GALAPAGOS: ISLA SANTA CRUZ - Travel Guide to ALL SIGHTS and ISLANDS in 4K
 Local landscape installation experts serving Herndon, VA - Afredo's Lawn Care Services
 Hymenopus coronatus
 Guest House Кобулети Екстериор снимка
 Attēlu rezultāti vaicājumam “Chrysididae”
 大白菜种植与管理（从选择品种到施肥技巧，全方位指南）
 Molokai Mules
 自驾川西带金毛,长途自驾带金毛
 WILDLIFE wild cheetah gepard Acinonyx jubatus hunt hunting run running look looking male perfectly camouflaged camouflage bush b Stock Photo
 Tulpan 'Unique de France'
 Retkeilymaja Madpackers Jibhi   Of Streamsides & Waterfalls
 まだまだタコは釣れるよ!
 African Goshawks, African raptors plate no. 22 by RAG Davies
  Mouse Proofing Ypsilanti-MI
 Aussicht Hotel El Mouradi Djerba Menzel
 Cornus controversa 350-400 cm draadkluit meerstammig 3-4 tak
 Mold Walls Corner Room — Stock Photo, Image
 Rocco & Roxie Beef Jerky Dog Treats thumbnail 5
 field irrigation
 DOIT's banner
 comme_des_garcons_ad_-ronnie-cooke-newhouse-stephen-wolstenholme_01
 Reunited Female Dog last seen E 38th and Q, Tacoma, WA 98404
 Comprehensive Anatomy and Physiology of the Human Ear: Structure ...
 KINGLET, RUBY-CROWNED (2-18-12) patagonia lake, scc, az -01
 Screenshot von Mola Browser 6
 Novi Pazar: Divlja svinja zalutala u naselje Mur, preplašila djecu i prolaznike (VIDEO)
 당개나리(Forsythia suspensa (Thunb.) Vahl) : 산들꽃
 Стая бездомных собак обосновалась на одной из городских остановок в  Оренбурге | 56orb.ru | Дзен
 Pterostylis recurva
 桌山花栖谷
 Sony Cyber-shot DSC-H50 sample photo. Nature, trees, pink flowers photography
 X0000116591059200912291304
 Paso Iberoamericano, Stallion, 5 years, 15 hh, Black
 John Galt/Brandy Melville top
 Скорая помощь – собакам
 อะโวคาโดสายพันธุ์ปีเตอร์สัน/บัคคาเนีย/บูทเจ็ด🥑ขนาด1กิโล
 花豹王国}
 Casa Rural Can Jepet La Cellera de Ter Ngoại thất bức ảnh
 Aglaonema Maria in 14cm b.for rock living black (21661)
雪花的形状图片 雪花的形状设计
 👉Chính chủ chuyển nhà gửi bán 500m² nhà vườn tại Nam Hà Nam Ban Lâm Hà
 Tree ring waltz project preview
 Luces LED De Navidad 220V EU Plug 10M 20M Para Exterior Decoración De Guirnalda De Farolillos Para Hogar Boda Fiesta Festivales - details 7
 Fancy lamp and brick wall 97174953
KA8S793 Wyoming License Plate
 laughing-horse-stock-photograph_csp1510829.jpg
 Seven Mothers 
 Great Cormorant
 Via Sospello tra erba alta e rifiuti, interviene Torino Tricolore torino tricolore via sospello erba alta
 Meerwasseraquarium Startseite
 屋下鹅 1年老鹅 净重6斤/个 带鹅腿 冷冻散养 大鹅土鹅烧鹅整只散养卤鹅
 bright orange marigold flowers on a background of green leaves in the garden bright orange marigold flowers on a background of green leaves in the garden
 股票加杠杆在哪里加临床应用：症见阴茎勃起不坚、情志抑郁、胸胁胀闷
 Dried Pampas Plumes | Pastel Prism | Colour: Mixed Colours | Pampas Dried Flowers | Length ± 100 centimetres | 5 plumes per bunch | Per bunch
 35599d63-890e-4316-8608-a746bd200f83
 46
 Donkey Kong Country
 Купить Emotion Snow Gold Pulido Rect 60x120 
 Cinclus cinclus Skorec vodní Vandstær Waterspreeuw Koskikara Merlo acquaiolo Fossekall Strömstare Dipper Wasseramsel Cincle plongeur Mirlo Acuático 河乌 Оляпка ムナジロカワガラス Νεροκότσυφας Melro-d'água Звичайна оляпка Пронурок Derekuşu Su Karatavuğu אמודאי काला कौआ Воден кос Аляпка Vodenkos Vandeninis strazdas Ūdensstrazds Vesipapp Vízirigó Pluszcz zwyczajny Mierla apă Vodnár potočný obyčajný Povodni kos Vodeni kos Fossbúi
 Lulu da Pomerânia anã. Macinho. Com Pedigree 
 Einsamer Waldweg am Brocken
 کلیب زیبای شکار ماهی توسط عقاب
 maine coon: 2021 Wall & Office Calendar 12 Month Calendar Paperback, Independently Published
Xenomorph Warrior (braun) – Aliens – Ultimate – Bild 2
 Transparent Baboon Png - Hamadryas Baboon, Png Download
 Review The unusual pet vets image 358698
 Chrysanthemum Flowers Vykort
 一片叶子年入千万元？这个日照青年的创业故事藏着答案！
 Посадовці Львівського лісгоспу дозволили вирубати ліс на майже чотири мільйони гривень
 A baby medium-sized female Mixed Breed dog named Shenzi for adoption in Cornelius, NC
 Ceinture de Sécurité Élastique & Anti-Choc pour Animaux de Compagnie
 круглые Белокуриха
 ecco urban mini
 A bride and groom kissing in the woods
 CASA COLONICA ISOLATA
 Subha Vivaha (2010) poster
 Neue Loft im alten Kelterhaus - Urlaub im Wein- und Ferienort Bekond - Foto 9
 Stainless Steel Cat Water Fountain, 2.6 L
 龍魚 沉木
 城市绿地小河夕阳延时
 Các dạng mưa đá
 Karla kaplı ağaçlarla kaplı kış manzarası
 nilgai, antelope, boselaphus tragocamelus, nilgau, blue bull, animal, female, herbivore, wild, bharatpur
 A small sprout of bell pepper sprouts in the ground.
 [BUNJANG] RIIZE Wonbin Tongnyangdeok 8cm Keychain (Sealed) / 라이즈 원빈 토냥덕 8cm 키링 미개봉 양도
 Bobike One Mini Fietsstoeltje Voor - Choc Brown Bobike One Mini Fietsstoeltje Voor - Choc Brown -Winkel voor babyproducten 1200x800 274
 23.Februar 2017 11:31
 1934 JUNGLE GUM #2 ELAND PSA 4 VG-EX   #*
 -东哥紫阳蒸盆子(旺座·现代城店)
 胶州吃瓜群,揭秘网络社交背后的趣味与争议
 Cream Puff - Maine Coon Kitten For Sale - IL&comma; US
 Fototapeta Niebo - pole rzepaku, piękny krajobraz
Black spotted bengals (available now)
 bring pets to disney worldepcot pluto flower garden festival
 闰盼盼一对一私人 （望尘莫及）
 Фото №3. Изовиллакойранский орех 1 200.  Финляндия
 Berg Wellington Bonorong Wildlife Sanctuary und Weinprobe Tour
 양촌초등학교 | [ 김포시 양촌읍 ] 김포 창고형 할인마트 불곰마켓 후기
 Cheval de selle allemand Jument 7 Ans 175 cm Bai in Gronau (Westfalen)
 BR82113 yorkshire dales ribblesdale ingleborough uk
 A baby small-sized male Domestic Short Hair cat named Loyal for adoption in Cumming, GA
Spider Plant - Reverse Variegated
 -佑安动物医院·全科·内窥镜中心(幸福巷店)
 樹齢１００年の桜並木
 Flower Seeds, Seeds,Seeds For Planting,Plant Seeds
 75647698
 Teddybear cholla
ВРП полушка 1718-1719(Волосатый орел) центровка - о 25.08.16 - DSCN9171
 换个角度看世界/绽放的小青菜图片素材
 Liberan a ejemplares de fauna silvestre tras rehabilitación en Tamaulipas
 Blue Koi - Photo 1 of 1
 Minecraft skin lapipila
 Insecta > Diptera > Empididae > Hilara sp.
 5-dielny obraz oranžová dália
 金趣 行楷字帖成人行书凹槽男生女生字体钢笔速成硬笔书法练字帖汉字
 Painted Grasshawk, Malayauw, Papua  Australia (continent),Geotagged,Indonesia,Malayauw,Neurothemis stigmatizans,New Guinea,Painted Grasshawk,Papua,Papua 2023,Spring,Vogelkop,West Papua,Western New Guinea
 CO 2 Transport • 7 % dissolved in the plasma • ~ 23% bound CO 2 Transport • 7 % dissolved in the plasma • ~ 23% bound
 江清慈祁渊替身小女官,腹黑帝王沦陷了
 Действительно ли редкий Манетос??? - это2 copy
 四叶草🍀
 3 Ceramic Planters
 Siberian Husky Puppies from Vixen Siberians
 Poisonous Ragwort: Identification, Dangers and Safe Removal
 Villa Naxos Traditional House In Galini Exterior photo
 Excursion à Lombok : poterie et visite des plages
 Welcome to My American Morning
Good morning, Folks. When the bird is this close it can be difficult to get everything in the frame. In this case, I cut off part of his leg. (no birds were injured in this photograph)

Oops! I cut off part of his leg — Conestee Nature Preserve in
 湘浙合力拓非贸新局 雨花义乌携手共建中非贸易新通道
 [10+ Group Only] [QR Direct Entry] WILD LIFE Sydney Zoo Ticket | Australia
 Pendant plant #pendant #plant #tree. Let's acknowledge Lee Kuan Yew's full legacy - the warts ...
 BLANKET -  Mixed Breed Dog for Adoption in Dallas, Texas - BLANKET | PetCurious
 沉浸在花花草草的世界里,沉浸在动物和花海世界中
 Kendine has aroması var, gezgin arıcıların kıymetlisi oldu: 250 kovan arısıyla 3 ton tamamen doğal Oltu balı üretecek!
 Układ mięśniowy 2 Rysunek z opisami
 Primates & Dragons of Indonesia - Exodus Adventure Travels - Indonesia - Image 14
○ ○ ○ ○
Task description: Only lines with the word "Australia" count here; copy every one from the records.

Exercise output:
 Painted Grasshawk, Malayauw, Papua  Australia (continent),Geotagged,Indonesia,Malayauw,Neurothemis stigmatizans,New Guinea,Painted Grasshawk,Papua,Papua 2023,Spring,Vogelkop,West Papua,Western New Guinea
 [10+ Group Only] [QR Direct Entry] WILD LIFE Sydney Zoo Ticket | Australia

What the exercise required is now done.